Given data Block Start

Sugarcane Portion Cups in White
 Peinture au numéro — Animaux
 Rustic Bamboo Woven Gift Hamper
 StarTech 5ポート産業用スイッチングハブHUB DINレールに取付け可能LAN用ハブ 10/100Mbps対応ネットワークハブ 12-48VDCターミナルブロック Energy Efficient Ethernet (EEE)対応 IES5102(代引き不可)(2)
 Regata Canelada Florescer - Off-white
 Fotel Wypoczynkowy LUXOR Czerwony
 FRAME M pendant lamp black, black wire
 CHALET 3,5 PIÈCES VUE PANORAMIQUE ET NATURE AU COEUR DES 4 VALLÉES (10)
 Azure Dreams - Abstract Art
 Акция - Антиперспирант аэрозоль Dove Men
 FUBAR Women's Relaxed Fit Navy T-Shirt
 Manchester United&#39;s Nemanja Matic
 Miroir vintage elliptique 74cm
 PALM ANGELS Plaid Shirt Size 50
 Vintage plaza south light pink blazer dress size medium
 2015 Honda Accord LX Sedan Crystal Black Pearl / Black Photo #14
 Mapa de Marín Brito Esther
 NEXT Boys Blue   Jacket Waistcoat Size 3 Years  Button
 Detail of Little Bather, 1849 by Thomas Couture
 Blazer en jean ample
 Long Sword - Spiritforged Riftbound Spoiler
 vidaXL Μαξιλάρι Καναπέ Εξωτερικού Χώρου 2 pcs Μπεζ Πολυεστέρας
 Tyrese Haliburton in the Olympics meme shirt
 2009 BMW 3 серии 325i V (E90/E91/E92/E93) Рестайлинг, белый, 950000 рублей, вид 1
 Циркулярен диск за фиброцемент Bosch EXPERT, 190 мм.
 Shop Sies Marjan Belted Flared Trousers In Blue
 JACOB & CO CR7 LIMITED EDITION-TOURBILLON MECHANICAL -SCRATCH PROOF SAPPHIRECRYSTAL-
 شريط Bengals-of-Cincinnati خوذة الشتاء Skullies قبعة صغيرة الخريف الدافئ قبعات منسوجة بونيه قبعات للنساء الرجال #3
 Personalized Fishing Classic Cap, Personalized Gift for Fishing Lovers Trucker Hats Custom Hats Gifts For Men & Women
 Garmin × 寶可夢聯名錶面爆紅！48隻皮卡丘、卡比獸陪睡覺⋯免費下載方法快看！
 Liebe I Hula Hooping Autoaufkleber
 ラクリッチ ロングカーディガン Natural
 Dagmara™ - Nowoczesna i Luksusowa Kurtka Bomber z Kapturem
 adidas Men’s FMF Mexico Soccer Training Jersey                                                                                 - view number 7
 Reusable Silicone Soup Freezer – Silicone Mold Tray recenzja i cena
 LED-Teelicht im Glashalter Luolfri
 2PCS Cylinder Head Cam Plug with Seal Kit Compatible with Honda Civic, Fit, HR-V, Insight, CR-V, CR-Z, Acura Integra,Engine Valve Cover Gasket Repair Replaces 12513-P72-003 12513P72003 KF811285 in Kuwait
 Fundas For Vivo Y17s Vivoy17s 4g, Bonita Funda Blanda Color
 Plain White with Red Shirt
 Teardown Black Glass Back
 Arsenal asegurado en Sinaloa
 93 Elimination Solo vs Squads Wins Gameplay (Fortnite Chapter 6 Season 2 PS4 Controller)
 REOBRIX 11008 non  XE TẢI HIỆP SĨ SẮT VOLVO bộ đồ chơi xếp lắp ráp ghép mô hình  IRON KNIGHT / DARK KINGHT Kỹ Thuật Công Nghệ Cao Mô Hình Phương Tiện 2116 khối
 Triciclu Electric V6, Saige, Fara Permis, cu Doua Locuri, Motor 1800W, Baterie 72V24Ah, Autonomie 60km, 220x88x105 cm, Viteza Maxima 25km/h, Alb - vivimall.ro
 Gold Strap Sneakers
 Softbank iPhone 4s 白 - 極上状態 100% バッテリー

Given data Block End

Task —
What needs duplicating is the run of lines from the one containing "ラクリッチ ロングカーディガン Natural" through the last line of the entries above, exact and complete.

Answer to this exercise —
 ラクリッチ ロングカーディガン Natural
 Dagmara™ - Nowoczesna i Luksusowa Kurtka Bomber z Kapturem
 adidas Men’s FMF Mexico Soccer Training Jersey                                                                                 - view number 7
 Reusable Silicone Soup Freezer – Silicone Mold Tray recenzja i cena
 LED-Teelicht im Glashalter Luolfri
 2PCS Cylinder Head Cam Plug with Seal Kit Compatible with Honda Civic, Fit, HR-V, Insight, CR-V, CR-Z, Acura Integra,Engine Valve Cover Gasket Repair Replaces 12513-P72-003 12513P72003 KF811285 in Kuwait
 Fundas For Vivo Y17s Vivoy17s 4g, Bonita Funda Blanda Color
 Plain White with Red Shirt
 Teardown Black Glass Back
 Arsenal asegurado en Sinaloa
 93 Elimination Solo vs Squads Wins Gameplay (Fortnite Chapter 6 Season 2 PS4 Controller)
 REOBRIX 11008 non  XE TẢI HIỆP SĨ SẮT VOLVO bộ đồ chơi xếp lắp ráp ghép mô hình  IRON KNIGHT / DARK KINGHT Kỹ Thuật Công Nghệ Cao Mô Hình Phương Tiện 2116 khối
 Triciclu Electric V6, Saige, Fara Permis, cu Doua Locuri, Motor 1800W, Baterie 72V24Ah, Autonomie 60km, 220x88x105 cm, Viteza Maxima 25km/h, Alb - vivimall.ro
 Gold Strap Sneakers
 Softbank iPhone 4s 白 - 極上状態 100% バッテリー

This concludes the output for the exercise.